El capítulo 7 está también centrado en un autor específico. El sociólogo norteamericano Robert Nisbet es una figura inusual en la historia de la disciplina en ese país por su proveniencia de clase trabajadora, el carácter abiertamente conservador de su pensamiento y la orientación historicista de su trabajo en una sociología que es fundamentalmente empírica. Ese capítulo despliega los elementos centrales de su pensamiento sociológico y político, a la vez que busca vincularlo con visiones similares como las de Karl Löwith y Leo Strauss. El capítulo 8 se centra en una literatura sociológica reciente que versa sobre el «problema constitucional». Ella busca trascender el nacionalismo metodológico de pensar las constituciones como ancladas necesariamente en las formaciones estatales y formas de organizar la vida política en su interior. El capítulo explora el tipo de presupuestos conceptuales y antropológicos que informan algunas de esas concepciones contemporáneas de los estudios en sociología constitucional con miras a explicitar sus fundamentos normativos. Al igual que la primera parte, esta culmina con un texto más breve donde se discuten las relaciones entre epistemología, ontología y normatividad en la obra de Bruno Latour. Para ello, me concentro en la publicación reciente de su Investigación sobre los modos de existencia, donde Latour entrega argumentos adicionales para explicar y justificar las decisiones más importantes de sus trabajos anteriores. La crítica que allí se ofrece debiera al menos mostrar las dificultades de todo orden que se gatillan a partir de una concepción antropológica como la suya, que se demuestra débil normativamente e inconsistente conceptualmente.

1 La orientación intelectual de Jonas se conoce como naturalismo ético y su concepto central es la idea de biología filosófica que, por supuesto, es tributaria de la idea de antropología filosófica de principios del siglo XX y es parte de la herencia que informa mi idea de sociología filosófica. Un análisis sistemático del pensamiento de Jonas está disponible en el Capítulo 4 de mi llibro Debating Humanity. Towards a Philosophical Sociology (Chernilo 2017a).

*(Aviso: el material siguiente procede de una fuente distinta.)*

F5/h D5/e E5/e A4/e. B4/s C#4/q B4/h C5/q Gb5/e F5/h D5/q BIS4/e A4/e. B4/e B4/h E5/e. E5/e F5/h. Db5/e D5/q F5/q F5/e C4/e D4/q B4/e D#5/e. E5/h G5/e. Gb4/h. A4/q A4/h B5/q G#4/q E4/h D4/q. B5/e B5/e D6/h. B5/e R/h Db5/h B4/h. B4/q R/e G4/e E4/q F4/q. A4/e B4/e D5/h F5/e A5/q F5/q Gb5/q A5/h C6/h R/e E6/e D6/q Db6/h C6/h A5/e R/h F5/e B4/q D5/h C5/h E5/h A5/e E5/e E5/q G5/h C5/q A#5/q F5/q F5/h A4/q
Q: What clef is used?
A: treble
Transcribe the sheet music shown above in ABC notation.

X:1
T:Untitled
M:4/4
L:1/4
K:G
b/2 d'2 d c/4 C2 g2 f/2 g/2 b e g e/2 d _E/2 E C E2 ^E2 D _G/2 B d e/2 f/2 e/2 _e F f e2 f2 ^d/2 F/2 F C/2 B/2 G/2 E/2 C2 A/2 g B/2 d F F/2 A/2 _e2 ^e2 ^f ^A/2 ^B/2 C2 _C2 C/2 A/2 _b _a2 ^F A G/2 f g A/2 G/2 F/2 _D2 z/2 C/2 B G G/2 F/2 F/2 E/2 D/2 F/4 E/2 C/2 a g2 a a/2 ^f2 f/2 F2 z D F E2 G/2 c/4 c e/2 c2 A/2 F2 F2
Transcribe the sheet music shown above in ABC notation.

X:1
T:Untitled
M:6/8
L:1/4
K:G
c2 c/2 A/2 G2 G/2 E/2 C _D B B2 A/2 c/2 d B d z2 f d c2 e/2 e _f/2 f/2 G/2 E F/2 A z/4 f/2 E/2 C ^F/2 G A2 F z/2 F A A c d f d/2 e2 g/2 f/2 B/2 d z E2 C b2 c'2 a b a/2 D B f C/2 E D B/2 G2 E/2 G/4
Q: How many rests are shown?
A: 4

2 No es un argumento que esté en condiciones de desarrollar en detalle aquí, pero incluso la fenomenología de Husserl –el punto más alto del idealismo filosófico después de Marx– contiene también en su interior la intuición sociológica de que para lograr un entendimiento puro debemos comprender las cosas tal y como son. Es decir, la validez interna de la filosofía de Husserl se juega también externamente, en el afuera del «mundo de la vida». Cuando Heidegger radicaliza, o para otros traiciona, la fenomenología de su mentor, su desplazamiento es hacia una exterioridad aún más pronunciada: la disolución de la filosofía en filología que lleva a cabo Heidegger depende de una metafísica de la autenticidad. La vida buena del filósofo es entendida como una vuelta a la simpleza y la filosofía queda disuelta en esa búsqueda a un retorno a supuestos orígenes pre-filosóficos.